Below are some entries. Repeat exactly the lines from the one with "Drei Personen erklimmen" through the one with "A Mason jar", and only those.

[Opening Data to use section]

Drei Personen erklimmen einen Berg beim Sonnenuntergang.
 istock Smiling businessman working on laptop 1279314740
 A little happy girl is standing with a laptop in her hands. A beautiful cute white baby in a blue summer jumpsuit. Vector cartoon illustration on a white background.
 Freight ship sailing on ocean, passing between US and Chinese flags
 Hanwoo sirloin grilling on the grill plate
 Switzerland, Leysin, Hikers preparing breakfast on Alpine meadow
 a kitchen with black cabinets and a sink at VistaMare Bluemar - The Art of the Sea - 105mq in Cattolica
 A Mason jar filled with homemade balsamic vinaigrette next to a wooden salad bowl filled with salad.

[Closing Data to use section]
[Opening Data to use section]

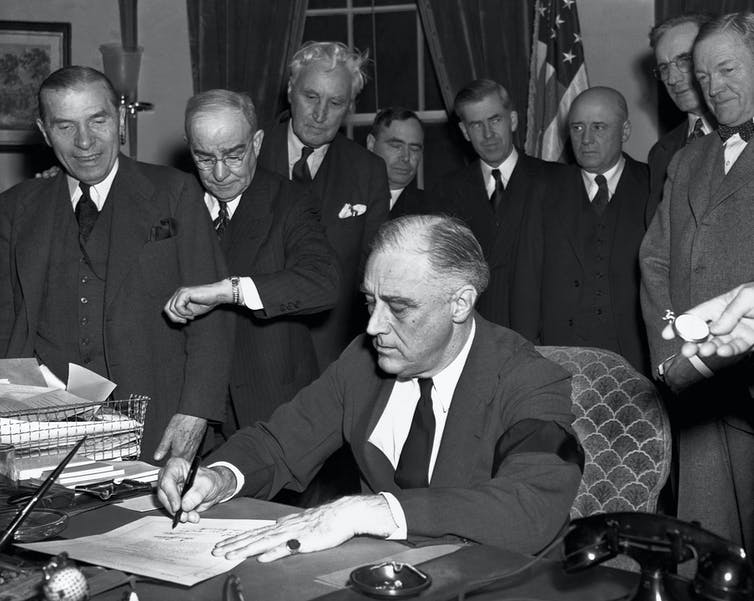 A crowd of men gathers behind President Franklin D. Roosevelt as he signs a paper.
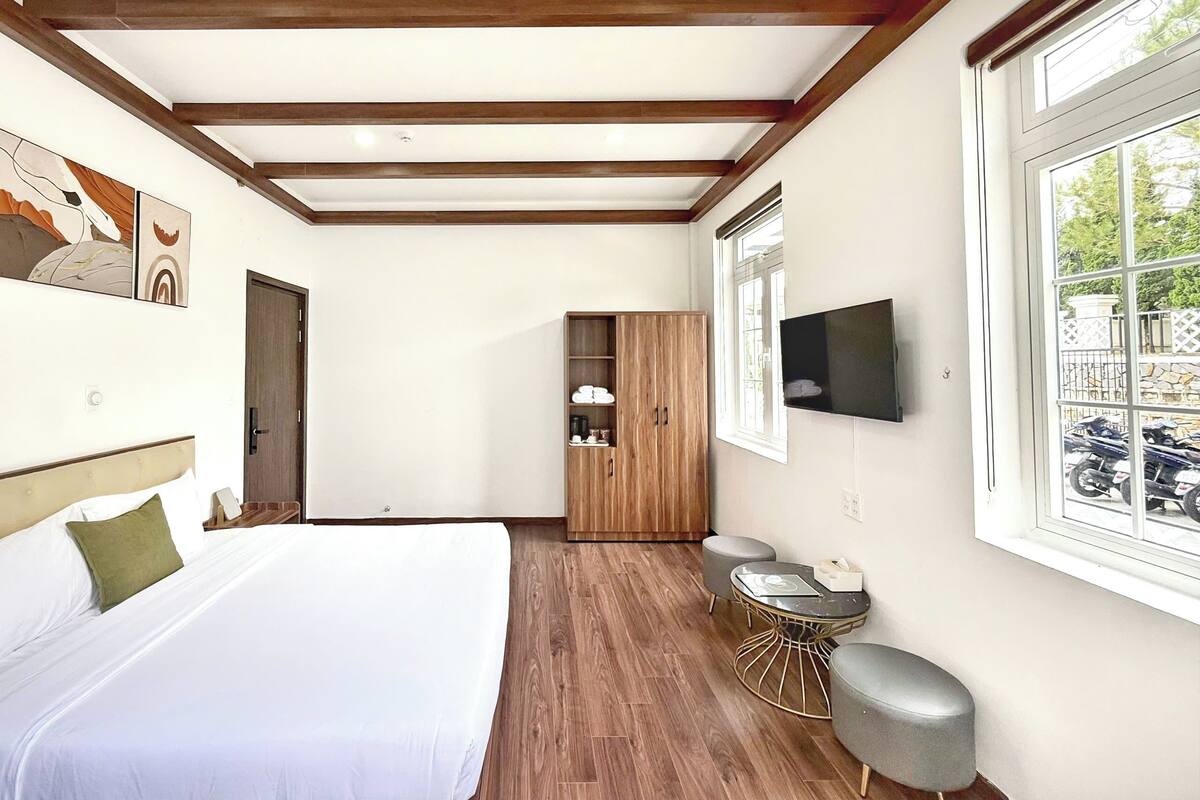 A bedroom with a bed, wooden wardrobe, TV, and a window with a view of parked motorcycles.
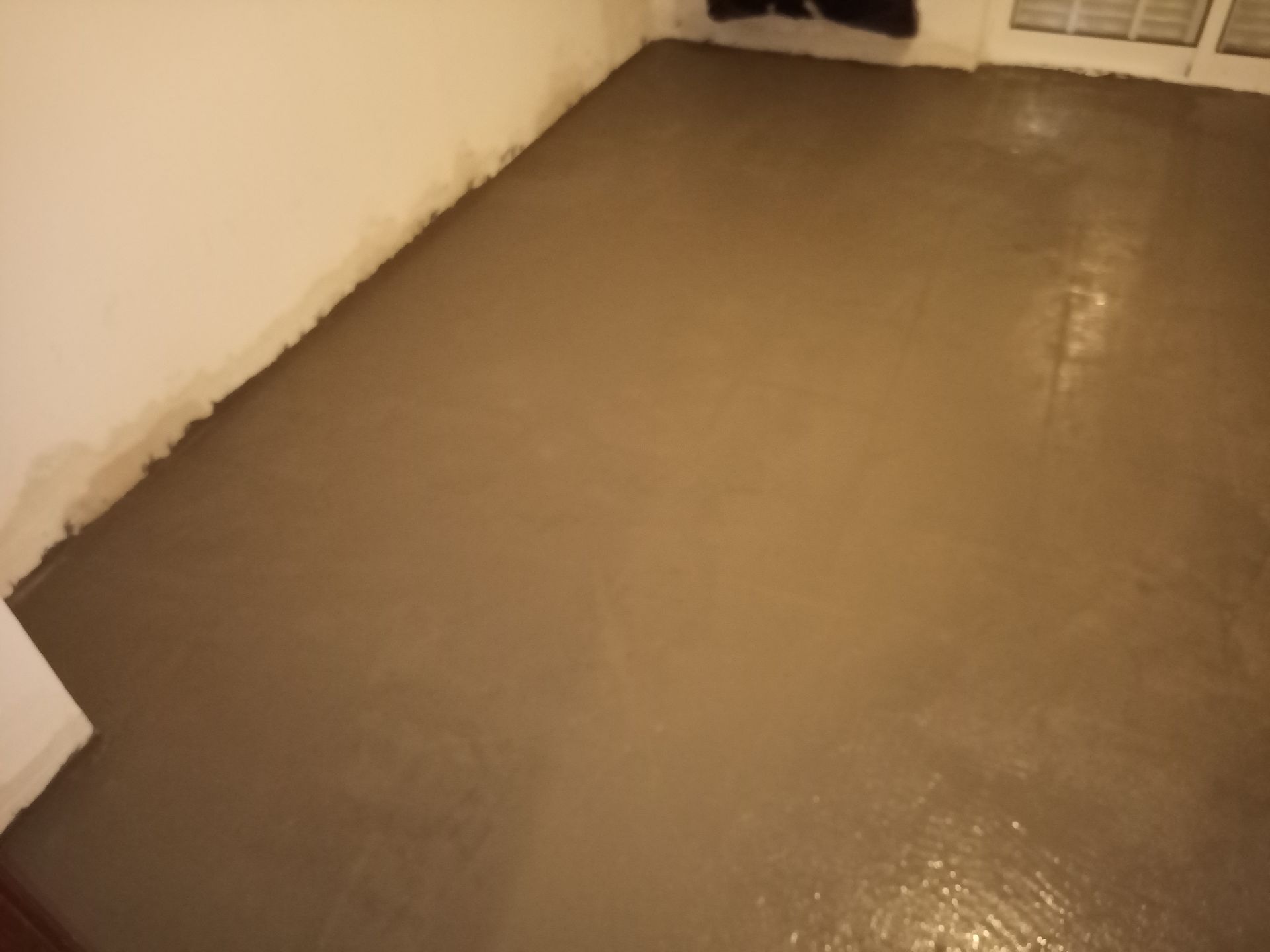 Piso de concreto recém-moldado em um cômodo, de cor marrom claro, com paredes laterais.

[Closing Data to use section]

| Worked solution |
Drei Personen erklimmen einen Berg beim Sonnenuntergang.
 istock Smiling businessman working on laptop 1279314740
 A little happy girl is standing with a laptop in her hands. A beautiful cute white baby in a blue summer jumpsuit. Vector cartoon illustration on a white background.
 Freight ship sailing on ocean, passing between US and Chinese flags
 Hanwoo sirloin grilling on the grill plate
 Switzerland, Leysin, Hikers preparing breakfast on Alpine meadow
 a kitchen with black cabinets and a sink at VistaMare Bluemar - The Art of the Sea - 105mq in Cattolica
 A Mason jar filled with homemade balsamic vinaigrette next to a wooden salad bowl filled with salad.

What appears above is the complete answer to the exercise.